The membership covers your clinical evaluation, provider access, check-ins, coaching, lab coordination, and side effect management. Medication is a separate cost entirely, and this is where things get expensive. Brand-name GLP-1s can run over $1,000 per month without insurance.
Ro offers an insurance concierge service that verifies your benefits, handles paperwork, and submits prior authorization requests on your behalf. The process typically takes one to three weeks. If your initial prescription isn’t covered, the concierge will work with your insurer on alternatives. This is a genuinely useful feature, since navigating GLP-1 insurance coverage is notoriously frustrating.
Common Side Effects to Expect
GLP-1 medications come with well-documented side effects, and Ro’s program doesn’t change that. Nausea is the most common issue, affecting up to 50% of patients. Most episodes are mild to moderate and tend to fade as your body adjusts to the medication over several weeks. The nausea is dose-dependent, meaning it’s more likely when your dose increases.
Diarrhea is also very common (affecting at least 1 in 10 patients). Vomiting, constipation, abdominal pain, and indigestion are relatively common as well, occurring in roughly 1 to 10 out of every 100 patients. Other reported side effects include injection site reactions (redness, itching, or rash), headache, and upper respiratory symptoms, though these rarely cause people to stop treatment. In clinical trials, only about 4% of patients discontinued treatment specifically because of nausea.
Where Ro Falls Short
The biggest limitation is the fully virtual model. You won’t get a physical exam, and your provider is working entirely from your self-reported health history and lab results. For most people seeking weight loss medication, this is adequate. But if you have complex medical conditions, an in-person relationship with a doctor who knows your full history may be safer.

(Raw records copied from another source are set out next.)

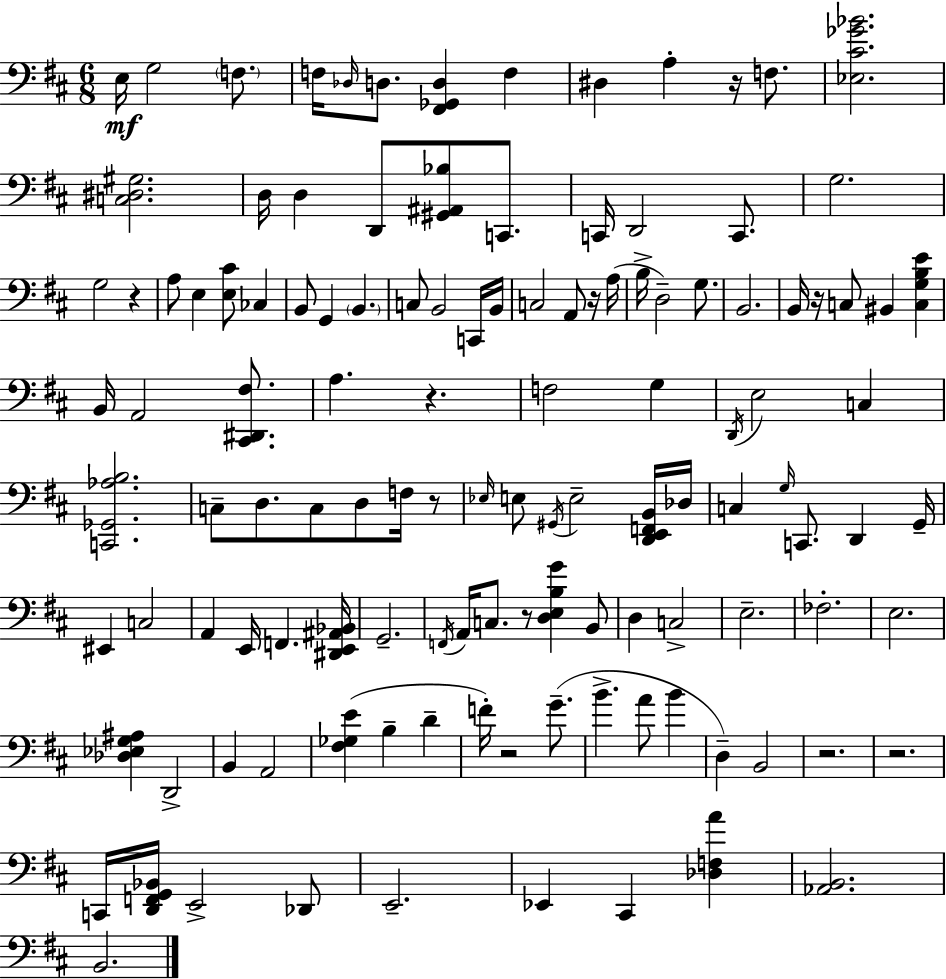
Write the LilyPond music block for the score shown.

{
  \clef bass
  \numericTimeSignature
  \time 6/8
  \key d \major
  \repeat volta 2 { e16\mf g2 \parenthesize f8. | f16 \grace { des16 } d8. <fis, ges, d>4 f4 | dis4 a4-. r16 f8. | <ees cis' ges' bes'>2. | \break <c dis gis>2. | d16 d4 d,8 <gis, ais, bes>8 c,8. | c,16 d,2 c,8. | g2. | \break g2 r4 | a8 e4 <e cis'>8 ces4 | b,8 g,4 \parenthesize b,4. | c8 b,2 c,16 | \break b,16 c2 a,8 r16 | a16( b16-> d2--) g8. | b,2. | b,16 r16 c8 bis,4 <c g b e'>4 | \break b,16 a,2 <cis, dis, fis>8. | a4. r4. | f2 g4 | \acciaccatura { d,16 } e2 c4 | \break <c, ges, aes b>2. | c8-- d8. c8 d8 f16 | r8 \grace { ees16 } e8 \acciaccatura { gis,16 } e2-- | <d, e, f, b,>16 des16 c4 \grace { g16 } c,8. | \break d,4 g,16-- eis,4 c2 | a,4 e,16 f,4. | <dis, e, ais, bes,>16 g,2.-- | \acciaccatura { f,16 } a,16 c8. r8 | \break <d e b g'>4 b,8 d4 c2-> | e2.-- | fes2.-. | e2. | \break <des ees g ais>4 d,2-> | b,4 a,2 | <fis ges e'>4( b4-- | d'4-- f'16-.) r2 | \break g'8.--( b'4.-> | a'8 b'4 d4--) b,2 | r2. | r2. | \break c,16 <d, f, g, bes,>16 e,2-> | des,8 e,2.-- | ees,4 cis,4 | <des f a'>4 <aes, b,>2. | \break b,2. | } \bar "|."
}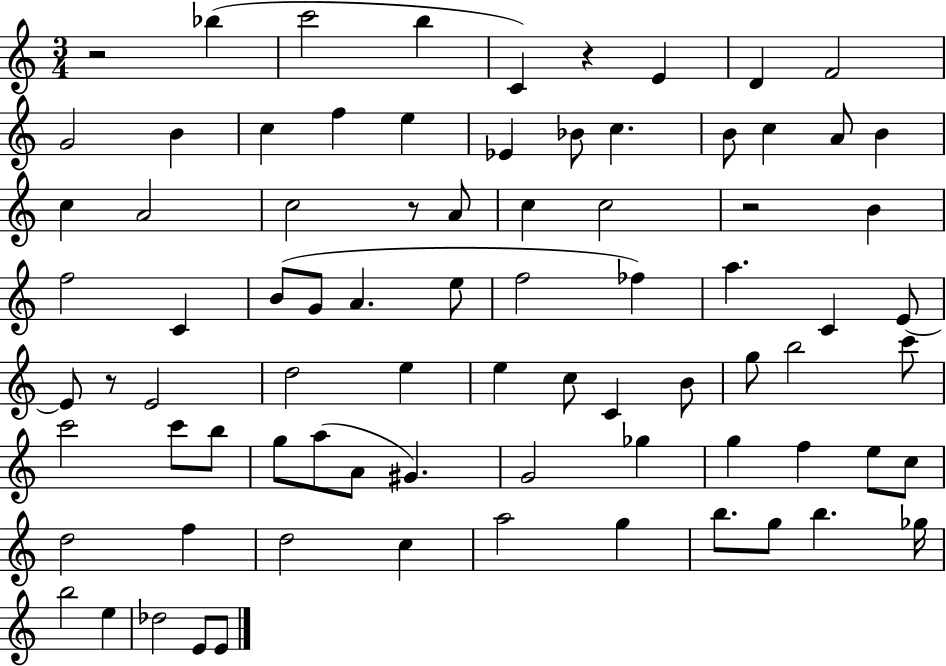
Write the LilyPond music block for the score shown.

{
  \clef treble
  \numericTimeSignature
  \time 3/4
  \key c \major
  \repeat volta 2 { r2 bes''4( | c'''2 b''4 | c'4) r4 e'4 | d'4 f'2 | \break g'2 b'4 | c''4 f''4 e''4 | ees'4 bes'8 c''4. | b'8 c''4 a'8 b'4 | \break c''4 a'2 | c''2 r8 a'8 | c''4 c''2 | r2 b'4 | \break f''2 c'4 | b'8( g'8 a'4. e''8 | f''2 fes''4) | a''4. c'4 e'8~~ | \break e'8 r8 e'2 | d''2 e''4 | e''4 c''8 c'4 b'8 | g''8 b''2 c'''8 | \break c'''2 c'''8 b''8 | g''8 a''8( a'8 gis'4.) | g'2 ges''4 | g''4 f''4 e''8 c''8 | \break d''2 f''4 | d''2 c''4 | a''2 g''4 | b''8. g''8 b''4. ges''16 | \break b''2 e''4 | des''2 e'8 e'8 | } \bar "|."
}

Cost transparency can also be confusing. The low promotional price and membership fee get your attention, but the total monthly expense including medication is significantly higher. If your insurance doesn’t cover GLP-1s, you could be looking at well over $1,000 per month total, which Ro’s marketing doesn’t always make immediately obvious.
There’s also the question of what happens when you stop. GLP-1 medications are effective while you take them, but weight regain after discontinuation is common across all providers, not just Ro. The coaching and lifestyle components of the program are meant to help with long-term habits, but they’re relatively light compared to a dedicated in-person weight management clinic.

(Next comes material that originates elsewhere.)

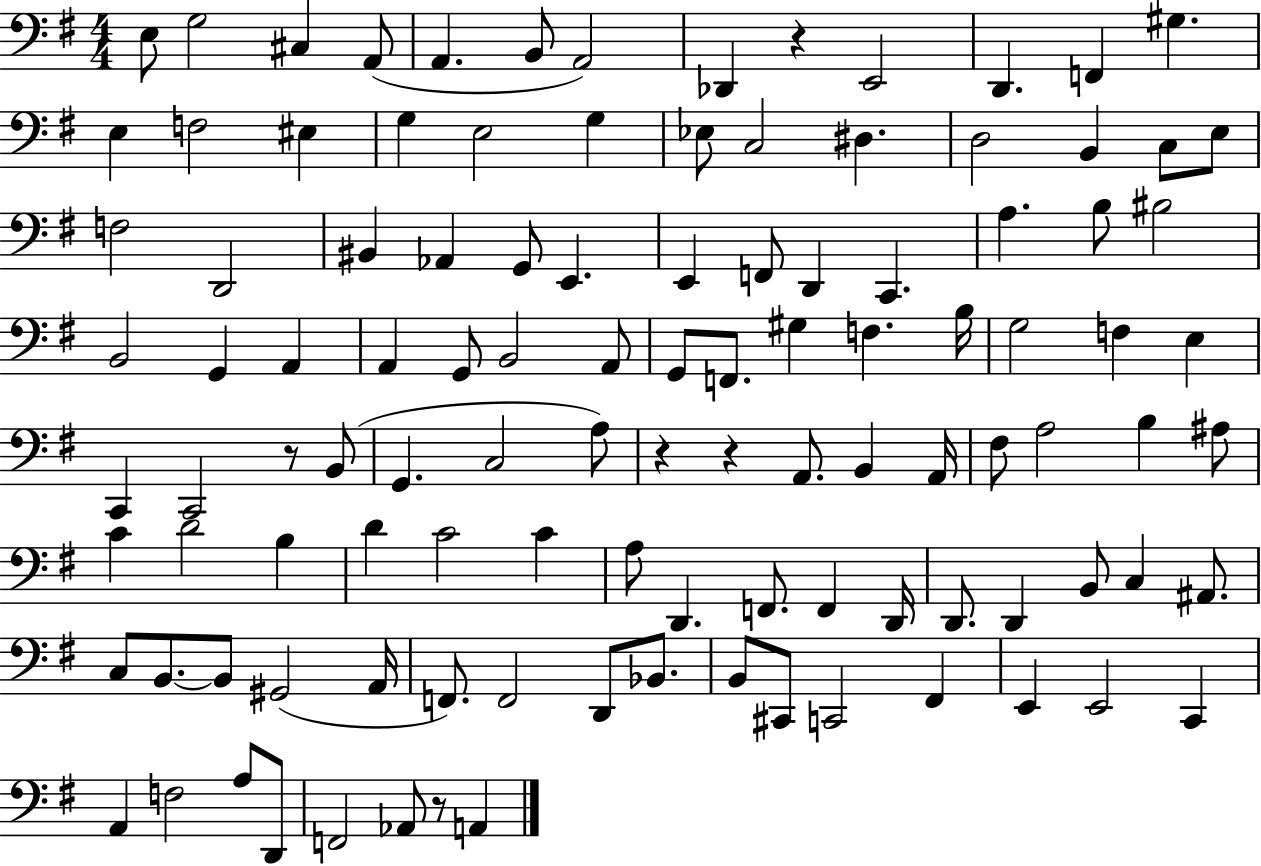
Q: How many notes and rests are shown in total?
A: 110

How Ro Compares to Seeing a Doctor in Person
The medications are identical. A prescription for Wegovy from Ro is the same drug at the same dose you’d get from an obesity medicine specialist. The main differences are convenience, cost structure, and depth of care. Ro is faster to get started (days rather than weeks for an appointment), available from home, and bundles insurance navigation into the membership. An in-person provider offers hands-on exams, may catch things a telehealth visit misses, and can coordinate more easily with your other doctors.

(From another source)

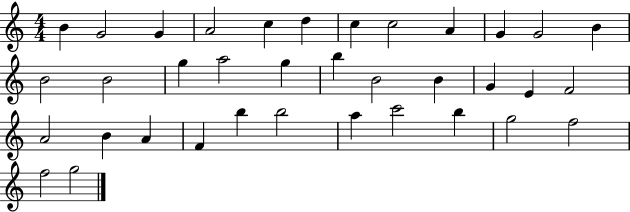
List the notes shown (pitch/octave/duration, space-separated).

For someone who is otherwise healthy, has a BMI that qualifies for GLP-1 treatment, and wants a streamlined path to medication with ongoing support, Ro is a reasonable option. It’s a real medical service prescribing real medications under licensed supervision. The “is it legit” answer is yes, with the caveat that legitimacy doesn’t automatically mean it’s the best fit for every person’s situation or budget.